Fight all job cuts


Industrial action to stop bosses’ attacks

Four million jobless by 2012. That’s the stark prediction for the current ‘free-market’ recession by a group of former Bank of England economists. Rather than Gordon Brown’s boast that ‘Britain is well placed to weather the economic storm’, research by the European Union said that almost a third of all jobs lost in Europe in the first three months of this year were lost in Britain.

Dave Nellist, who is standing as a candidate for the No2EU - Yes to Democracy list in the Euro elections, took only the average workers

Dave Nellist, who is standing as a candidate for the No2EU – Yes to Democracy list in the Euro elections, took only the average workers, photo Coventry Socialist Party

Dave Nellist, Socialist Party councillor, Coventry

Tens of thousands of jobs continue to go in car manufacturing, retail, finance and machinery manufacturing. But statistics only tell half the story. Each one of those figures is a family, fearing for paying the mortgage or the rent, weighing up whether a holiday can be afforded this year or not.

While MPs are caught lining their pockets with ‘creative’ expense claims, hundreds of thousands of families face the threat of redundancy with all the financial pain that will involve. MPs insulated by salaries two and a half times the average wage and with over-generous expenses on top, seem to care little for the anguish of working-class families. They appear to spend more time maximising their expenses claims than saving their constituents from penury.
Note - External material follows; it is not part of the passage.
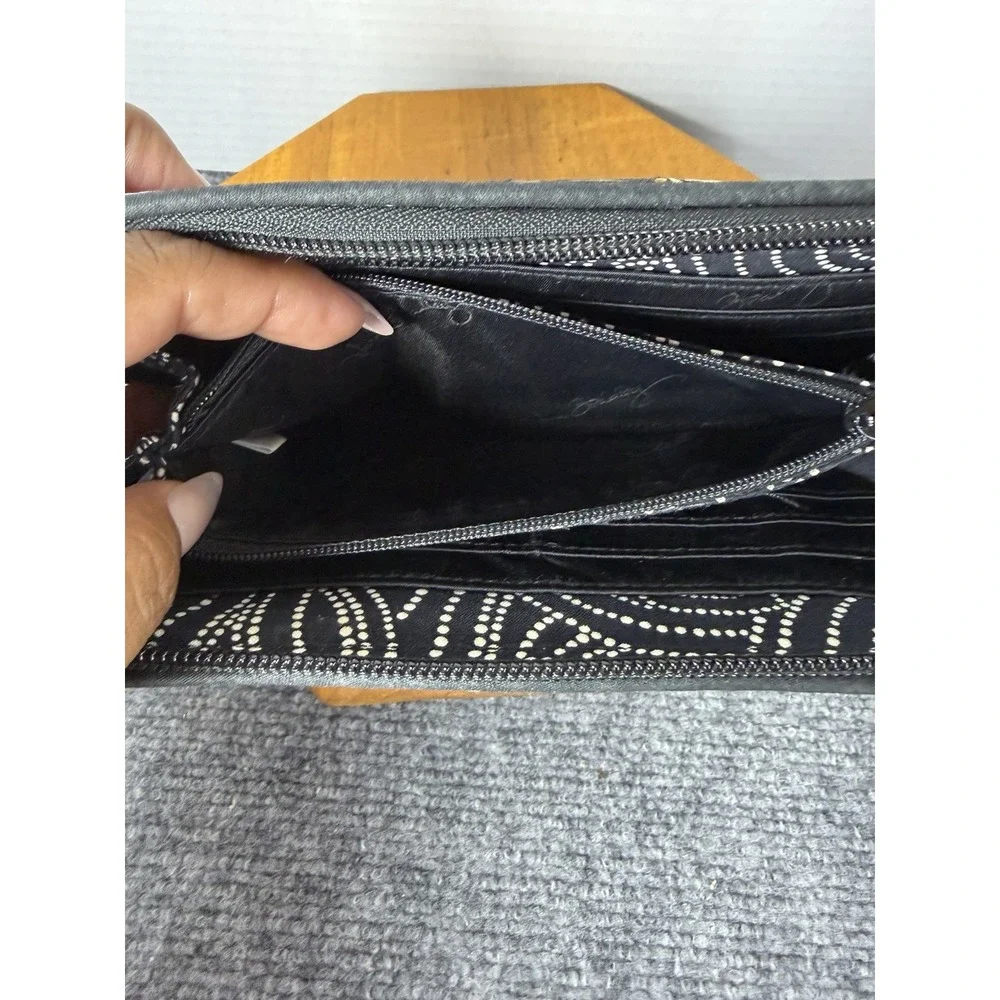 Vera Bradley Turnlock Wallet Black Pink Damask Floral‎ Print Retired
Some economists claim the worst of the recession may be over, even believing they are seeing the first ‘green shoots’. But the European Commission has just changed its view of only three months ago and doubled – to 4% – the amount by which it expects the EU’s economy to shrink this year. That will make this recession the worst of our lifetimes. And such an economic tsunami will have political and social costs, such as increasing support for the far right, unless working people find a new political vehicle and voice.
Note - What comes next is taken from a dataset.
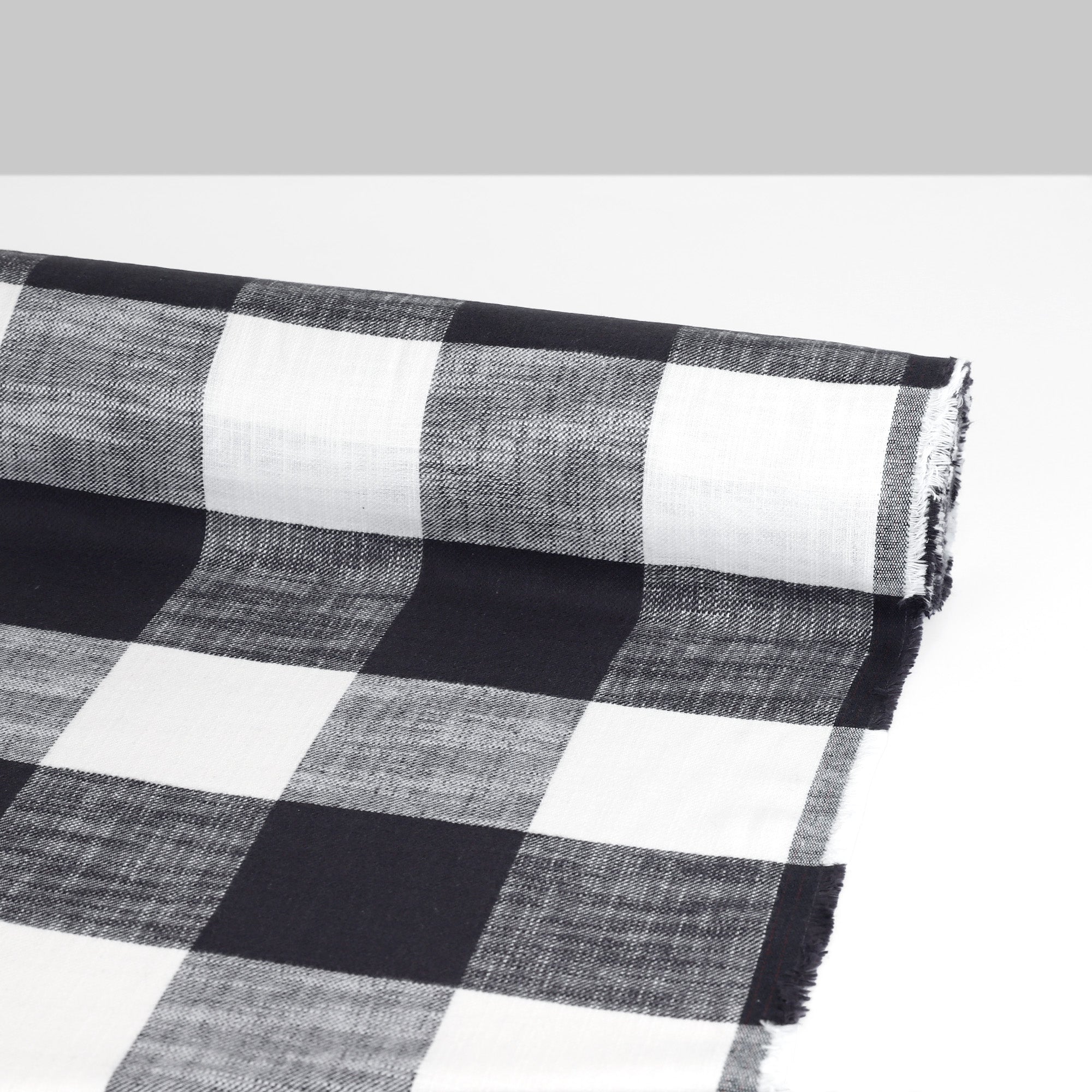 Brushed Buffalo Check Cotton - Charcoal/White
Demonstrations such as that of Unite, on 16 May in Birmingham, are essential to bring together all those who want to fight the spectre of unemployment. But if they are to be more than the grand old Duke of York marching his men to the top of the hill and down again, we need a more serious resistance to rising unemployment.

Unfortunately that is unlikely to come from the Birmingham rally’s platform of ‘senior business, academic and political figures’, nor from appeals to companies’ better nature.

600 sacked Visteon workers in Basildon, Enfield and Belfast showed the degree of determination which trade union leaders should encourage and support in all their members.

Given six minutes notice of redundancy, Visteon workers occupied their factories and picketed outside them until their managements conceded a substantial financial package. But too many trade union leaders, mesmerised by anti-trade union laws still in place after 12 years of Labour government, limit their action to ‘urging’ companies to protect jobs, or calling for government subsidies for short time working and ‘measures to restore confidence’.

New Labour has found hundreds of billions of pounds for the banks, to shore up the free market economy to which they are wedded.

Demonstrations like Birmingham’s need building upon to force the government to take urgent action to stop the haemorrhage of jobs. Rather than wider programmes of taxpayers’ money being used to subsidise private companies, threats to sack workers or close factories should be met by the government taking the relevant companies into public ownership and then investing public money into them, but under public control, to guarantee jobs and living conditions.

Perhaps if the Visteon convenors, or the Lindsey refinery strike leaders, were on the demonstration platform instead of ex-CBI leaders – that’s the message we would get!